Actually under certain circumstances you can, but you will have to file bankruptcy to do it. According to 11 U.S.C. Sec. 547(a), a bankruptcy trustee may recover any payment made by a debtor prior to a bankruptcy case’s filing, when it is shown that the payments were made:
(1) To or for the benefit of a creditor;
(2) For or on account of an antecedent debt owed by the debtor before such transfer was made;
(3) Made while the debtor was insolvent;
(4) Made on or within 90 days before the date of the filing of the petition ; and
(5) That enables such creditor to receive more than such creditor would receive if (a) the case were a case under Chapter 7 of the Bankruptcy Code; (b) the transfer had not been made; and (c) such creditor received payment of such debt to the extent provided by the provisions of the Bankruptcy Code
This is known as a “preferential transfer” which can be voided meaning the money can be brought back into the bankrupt estate. BUT you don’t have to wait on a trustee to do this for you because 11 U.S.C. Sec 522(g) and (h) provide that a debtor, in place of a trustee, may avoid the preferential transfer as described above where:
(1) The debtor claims the transferred property as exempt on debtor’s Schedule C;
(2) The transfer was not a voluntary transfer;
(3) The debtor did not conceal such property;
(4) The trustee does not attempt to avoid such transfer.

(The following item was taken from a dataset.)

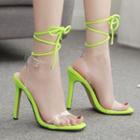 Pvc Strap Lace-up Stiletto Heel Sandals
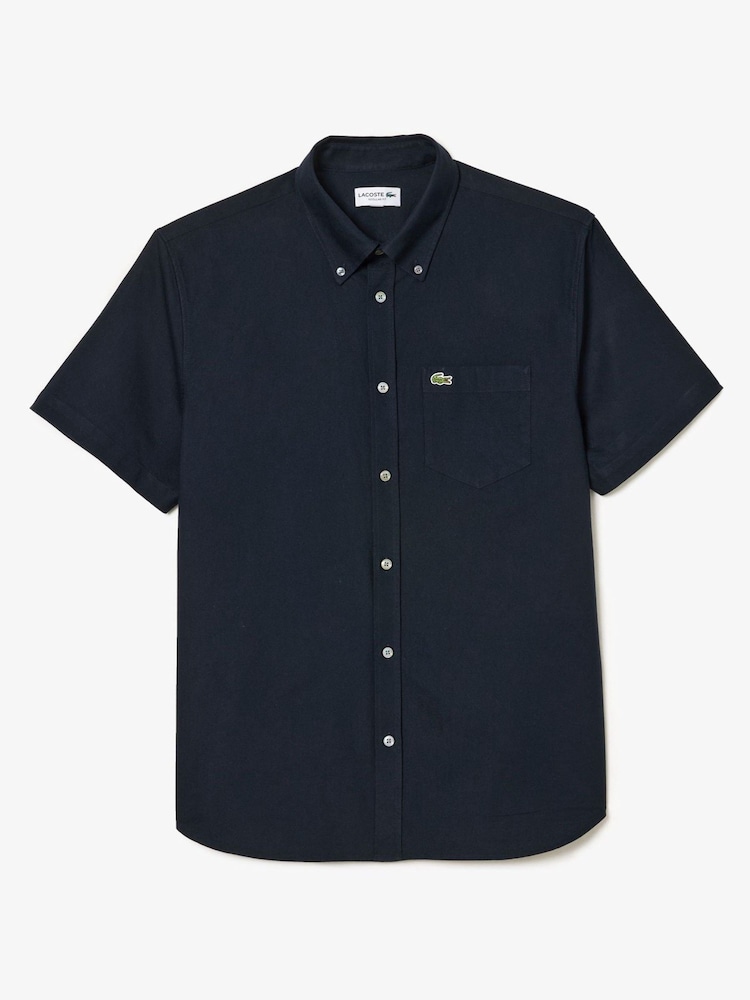 Темно-синий - Lacoste Short Sleeve Oxford 100% Cotton Shirt - Изображение 4 из 4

This is a little technical, so don’t try this without the assistance of an experienced bankruptcy attorney and it may not work for garnishments and levies from the IRS. Also, since this goes beyond the scope of a typical bankruptcy filing, be prepared to pay the attorney for this work, either as a percentage of the amount recovered or on an hourly rate. But if you don’t do anything, the garnished wages or the levied bank account are gone forever.